If you don't know dubstep, it's like 1930s skiffle music crossed with early bach,

but different in every single way.

And Skrillex himself, well, he is named after the cleaning product that had been used in his parents' house when he was conceived.

Or it might be the ancient Latin word for dubstep.

I'm not sure.

Also, the music has proved inspirational and indeed iconic amongst supporters of the campaign to get Slovakia, Croatia, Romania, Italy, and Luxembourg to all leave the EU at the same time.

And well, he's also renowned for his haircut, Skrillex.
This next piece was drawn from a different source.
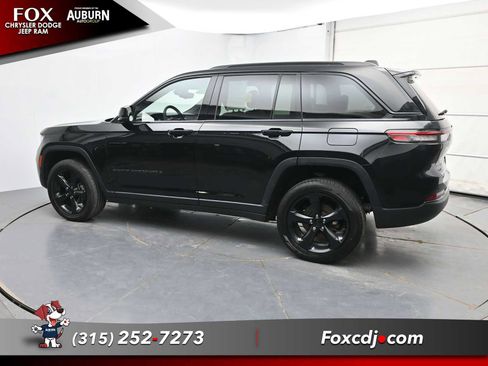 Used 2023 Jeep Grand Cherokee Altitude AWD/4WD image 15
Very distinctive, shaved on one side, Yeah.

Long on the other.

So he's kind of done it the same as you, but the other way out.

I've gone top and back.

You've got the old reverse Skrillex.

Reverse Skrillex or

the reverse Saltzman.

But he actually developed his distinctive shaved on one side, long on the other, to give him better ballast and aerodynamism and walking fast around corners because he was often late for appointments.

But it also does mean that if Skrillex is running at you at high speed, he will swing.

and one final skrillx fact uh he's not in contention for the forthcoming world snooker championships he's focusing on dubstep very difficult to uh track skrillex's movement when he's on the subcontinent isn't it andy he tends to move late late yeah

um nish i mean what i mean you you i mean you're of a you know

considerably younger

generation than me.

Yeah, but I mean not philosophically, Andy.

Unfortunately,

my age has not been a barrier to our friendship due to the fact that we've somehow picked up exactly the same cultural references.

What does A Skrillex and B mosquitoes mean to you?

Well mosquitoes have been a constant bane of my life

so but so has Skrillex and I dislike Skrillex's music to such an extent that I am willing to risk malaria.

Christian Aide actually sells Skrillex blankets to keep him out of young children's tents at night.

Yeah, it's the combination apparently of very high and very low frequencies.

Apparently, it's that range that is affecting mosquitoes' behaviour, which does suggest we could achieve the same extent by just having me talk over a Barry White track.

Well,

we should probably play a little bit of Skrillex.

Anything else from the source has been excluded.